Конечно, у нас огромный экспортный потенциал животноводческой продукции. Например, в последние годы на российский рынок мы продавали около 70% молока от общего производства. Производство постоянно растет, в том числе и благодаря государственной поддержке: на гектар сельхозугодий государство из различных источников, прежде всего, бюджетных, выделяет порядка 230 долларов в год. В ЕС, конечно, цифра повыше – порядка 560 долларов, но, к нашей чести, мы оказываем поддержку сельхозугодий на гораздо более серьезном уровне, чем наши соседи. Возьмем страны Таможенного союза: объем государственных субсидий к общему валовому сельскохозяйственному производству в Казахстане составил 9,7%, в России – 10,25, в Беларуси – более 58%.

Анатолий Гуляев (А.Г.): Я только что вернулся из Лидского района, где существует девять хозяйств. Я посмотрел на их техническую оснащенность: на девять хозяйств 427 тракторов, достаточно комбайнов – то есть им для проведения сева и уборочной нужно минимальное количество дней, так как они очень хорошо обеспечены техникой.

Всегда были или к Дожинкам обеспечились?

А.Г.: В последние годы, я бы так сказал. И это касается не только этого района. Лидский район, кстати, не самый богатый в Беларуси.

А.Я.: Справедливости ради надо отметить, что "нефтяной дождь", который пролился на страну, не являющейся нефтедобывающей в классическом понимании, доходы, которые образовались в результате переработки российской нефти, пошли непосредственно в сельскохозяйственное производство, в том числе, и на техническое перевооружение. С этой точки зрения мы можем говорить о том, что сельское хозяйство в последние годы не может жаловаться на недостаток внимания со стороны государства: оно было по-настоящему обласкано, и апофеозом этой обласканности и любви неизменно выступали Дожинки.

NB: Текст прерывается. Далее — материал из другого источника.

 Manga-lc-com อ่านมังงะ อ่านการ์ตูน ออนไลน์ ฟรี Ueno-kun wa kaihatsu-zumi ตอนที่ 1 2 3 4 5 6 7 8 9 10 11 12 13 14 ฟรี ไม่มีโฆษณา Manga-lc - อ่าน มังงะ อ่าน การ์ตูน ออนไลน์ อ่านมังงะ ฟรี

Но когда мы продаем молочные или мясные продукты на внешние рынки, а это прежде всего российский рынок, возникает следующая ситуация: экспорт молочной и мясной продукции в прошлом году нам принес 30% убытка, а не рентабельности. Экспорт сыров нам принес 20% убытка.

Получается, что мы демпингуем?

А.Я.: Совершенно верно. Несколько месяцев назад на TUT.BY проходила информация о 50 самых убыточных белорусских предприятий. Любопытно взглянуть, какие это предприятия. Практически все – это молочные заводы и комбинаты, и этим все сказано. В прошлом году мы произвели продукции на 5 млрд долларов, но при этом задолженность сельскохозяйственного производства сегодня составляет 7 млрд долларов. Примерно треть этой задолженности – просроченная. Если суммировать задолженность сельскохозяйственных предприятий с задолженностью перерабатывающих предприятий, мы получаем сумму 11,5 млрд долларов. Получается, что полтора года нам надо работать бесплатно, чтобы каким-то образом ликвидировать эту задолженность.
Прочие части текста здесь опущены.